Considérant que si les courriers susmentionnés des 28 octobre et 11 décembre 2009 adressés à la société requérante par le pouvoir adjudicateur portent sur des demandes de précisions relatives au contenu des prix proposés dans l’offre en litige, à aucun moment il n’y est mentionné le motif de ces demandes, le seuil d’anormalité que le pouvoir adjudicateur a estimé applicable au marché, ni même le fait que l’offre de cette société lui est apparue anormalement basse ; que la SOCIETE R2AE, qui soutient avoir répondu dans ces courriers comme d’ailleurs elle l’aurait fait dans le cadre de droit commun prévu, en cas d’appel d’offres ouvert, à l’article 59 du code des marchés publics, a par conséquent été privée, dans les circonstances de l’espèce, du débat contradictoire effectif auquel elle avait droit ; qu’ainsi, en excluant de ce marché la candidature de la SOCIETE R2AE pour le motif invoqué, le ministre de la défense a méconnu les principes d’égalité de traitement des candidats et de transparence des procédures qui constituent les conditions d’une mise en concurrence régulière ; qu’il ne résulte pas de l’instruction et des débats à l’audience que cette société ne disposait pas de la capacité de démontrer, dans le cadre d’un véritable débat contradictoire, que son offre était techniquement réalisable ; que la SOCIETE R2AE est dès lors fondée à soutenir que le manquement qu’elle invoque l’a lésé ; qu’il y a lieu dans ces conditions, et sans qu’il soit besoin d’examiner les autres moyens de la requête, d’annuler la procédure de passation dudit marché ;

Sur l’application de l’article L. 761-1 du code de justice administrative :

Considérant que, dans les circonstances de l’espèce, il y a lieu de condamner l’Etat à verser à la SOCIETE R2AE la somme de 1 000 euros au titre de l’article L. 761-1 du code de justice administrative ;

O R D O N N E :

Article 1er : La procédure de passation du marché susvisé ayant pour objet la réalisation de travaux de renouvellement du réseau d’eau de la base aéronavale de Lann-Bihoué (Morbihan) et pour lequel la SOCIETE R2AE s’est vue rejeter son offre par lettre du ministre de la défense du 12 février 2010 est annulée.

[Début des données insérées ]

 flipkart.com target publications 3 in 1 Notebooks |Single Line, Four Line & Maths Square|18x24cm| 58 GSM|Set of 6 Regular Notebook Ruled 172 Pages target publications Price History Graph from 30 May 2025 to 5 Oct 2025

Article 2 : L’Etat est condamné à verser à la SOCIETE R2AE la somme de 1 000 euros au titre de l’article L. 761-1 du code de justice administrative.

Article 3 : La présente ordonnance sera notifiée à la SOCIETE R2AE et au ministre de la défense.

Fait à Rennes, le 24 mars 2010.

Le juge des référés, Le greffier,

P. A R. DUVAL

La République mande et ordonne au ministre de la défense, en ce qui le concerne, et à tous huissiers à ce requis en ce qui concerne les voies de droit commun contre les parties privées, de pourvoir à l’exécution de la présente décision.